Posto fronteiriço entre Turquia e Bulgária. Foto: Graneits, CC 2.0
Posto fronteiriço entre Turquia e Bulgária. Foto: Graneits, CC 2.0

 

Varsóvia, Polônia, 16/5/2010 – Desde novembro do ano passado, a Bulgária praticamente fechou suas fronteiras aos solicitantes de asilo da Síria e para demais imigrantes que tentam entrar nesse país vindos da Turquia, ao que parece de acordo com as instituições da União Europeia (UE). Diante do grande aumento das demandas por asilo, 11 mil em 2013 contra, em média, mil nos anos anteriores, a Bulgária implantou no último outono boreal um plano “para gerir a crise derivada da pressão migratória”.

O programa inclui a construção de um obstáculo de 33 quilômetros de extensão na fronteira com a Turquia e a incorporação de 1.500 agentes ao contingente policial que patrulha a fronteira com esse país. Aparentemente, o plano funcionou. Este ano, apenas pouco mais de cem solicitantes de asilo conseguiram entrar na Bulgária a cada mês, enquanto, quando começou sua implantação, as autoridades chegaram a impedir a entrada de até cem por dia, segundo o Ministério do Interior.

O secretário-geral do Ministério, Svetozar Lazarov, informou em abril que 2.367 pessoas foram impedidas de cruzar a fronteira desde o começo de 2014. A afluência do ano passado, que assustou as autoridades búlgaras, ocorreu no contexto do endurecimento das fronteiras da Grécia e do consequente deslocamento para o norte das rotas migratórias procedentes da Turquia por via terrestre. Mais da metade dos que pediram asilo na Bulgária em 2013 procediam da Síria.

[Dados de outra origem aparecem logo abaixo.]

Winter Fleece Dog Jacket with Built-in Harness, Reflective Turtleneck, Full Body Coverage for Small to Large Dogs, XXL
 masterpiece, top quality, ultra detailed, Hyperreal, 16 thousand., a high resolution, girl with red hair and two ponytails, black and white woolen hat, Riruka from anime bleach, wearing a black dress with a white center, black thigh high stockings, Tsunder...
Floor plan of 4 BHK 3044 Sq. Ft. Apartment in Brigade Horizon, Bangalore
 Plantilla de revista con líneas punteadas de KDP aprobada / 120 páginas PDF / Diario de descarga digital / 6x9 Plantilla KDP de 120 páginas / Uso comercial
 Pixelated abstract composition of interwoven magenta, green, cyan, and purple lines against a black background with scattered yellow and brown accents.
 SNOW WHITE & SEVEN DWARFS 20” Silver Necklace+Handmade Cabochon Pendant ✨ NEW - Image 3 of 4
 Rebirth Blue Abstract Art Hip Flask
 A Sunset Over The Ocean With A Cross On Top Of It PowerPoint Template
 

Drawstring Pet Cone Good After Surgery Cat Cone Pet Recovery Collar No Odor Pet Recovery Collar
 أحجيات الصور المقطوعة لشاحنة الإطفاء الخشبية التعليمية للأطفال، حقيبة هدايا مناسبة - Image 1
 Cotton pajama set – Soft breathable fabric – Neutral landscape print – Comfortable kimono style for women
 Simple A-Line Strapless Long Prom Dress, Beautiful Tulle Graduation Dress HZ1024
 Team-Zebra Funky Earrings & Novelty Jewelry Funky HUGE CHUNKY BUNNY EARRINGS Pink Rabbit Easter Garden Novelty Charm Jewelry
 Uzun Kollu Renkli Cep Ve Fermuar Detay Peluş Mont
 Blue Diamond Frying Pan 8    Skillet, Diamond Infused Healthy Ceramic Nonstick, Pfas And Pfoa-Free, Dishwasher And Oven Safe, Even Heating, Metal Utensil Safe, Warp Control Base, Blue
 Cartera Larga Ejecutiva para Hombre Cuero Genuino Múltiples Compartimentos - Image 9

Atualmente, mais de dois milhões de sírios buscam proteção fora de suas fronteiras, metade deles crianças. A Turquia abriga neste momento mais de 700 mil cidadãos desse país em guerra há três anos. Em 29 do mês passado, a organização Human Rights Watch (HRW) divulgou um informe que documenta como, no contexto da aplicação do plano búlgaro, se envia de volta, sumariamente, as pessoas que cruzam a fronteira da Turquia para a Bulgária, sem lhes dar oportunidade de apresentarem os pedidos de asilo e às vezes são vítimas de abusos dos agentes fronteiriços.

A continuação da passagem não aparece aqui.